Give back the lines below exactly, but do not include any pictures.

STORED DATA:
*-*-*
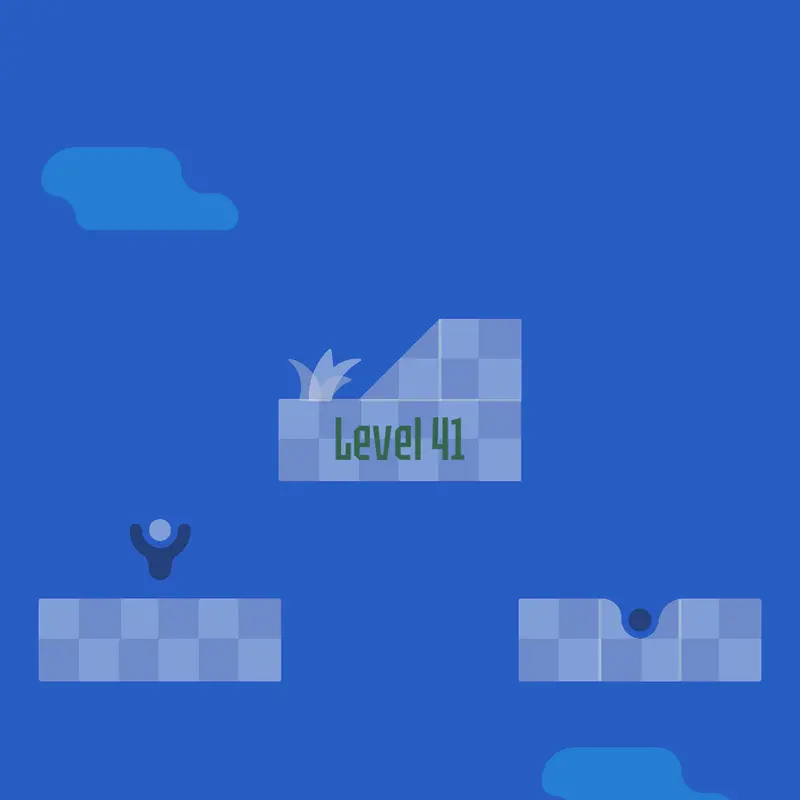 Game by @AnyU7_catlegamer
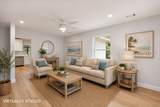 105 Jaudon Road - Photo 6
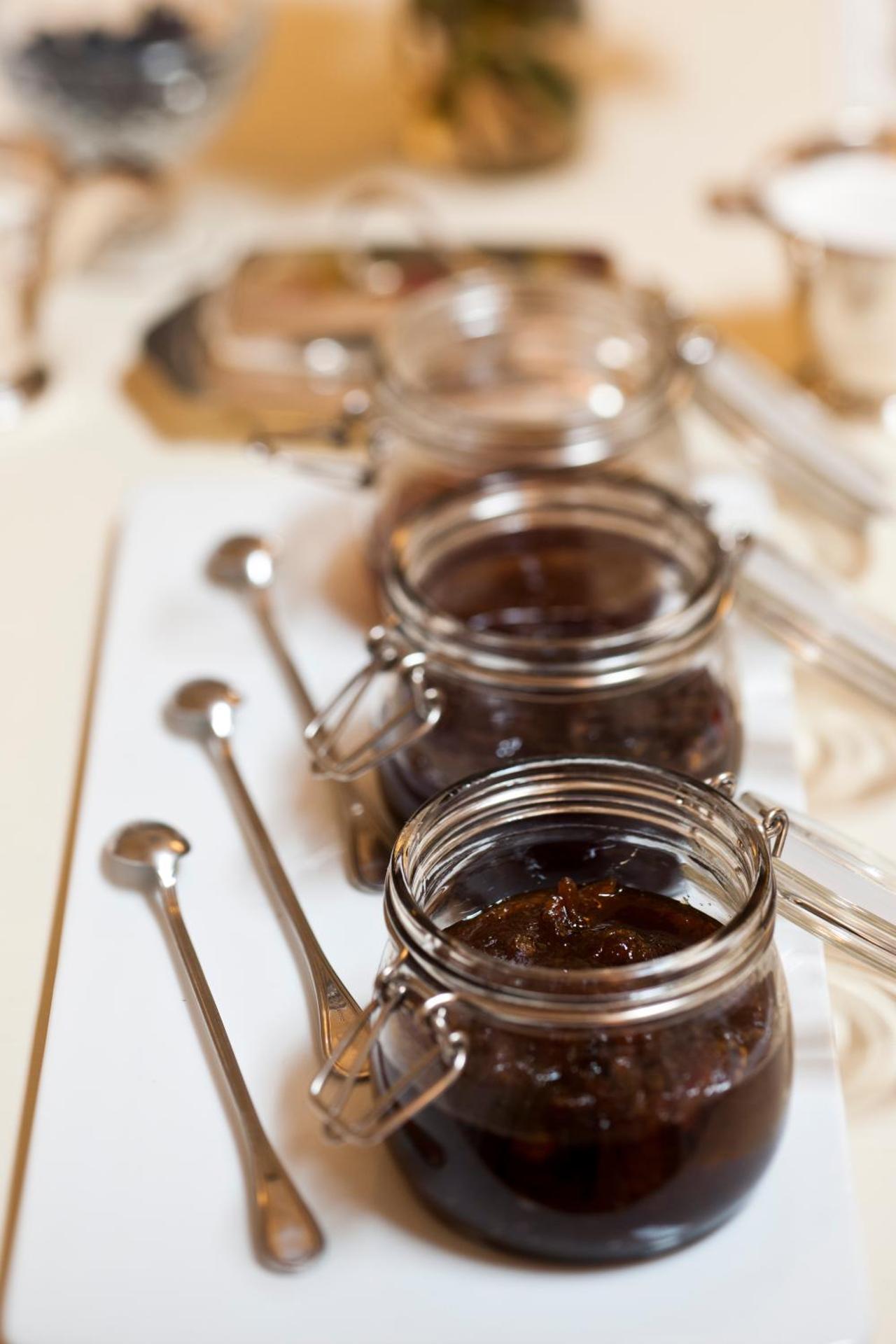 Boutique Wine Resort - Villa Dianella - Photo 61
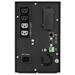 EATON 5P 650i , UPS 650VA line-interactiv, Tower, pokročilý LCD display a meranie 5P650i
*-*-*
EXERCISE ANSWER:
 Game by @AnyU7_catlegamer
 105 Jaudon Road - Photo 6
 Boutique Wine Resort - Villa Dianella - Photo 61
 EATON 5P 650i , UPS 650VA line-interactiv, Tower, pokročilý LCD display a meranie 5P650i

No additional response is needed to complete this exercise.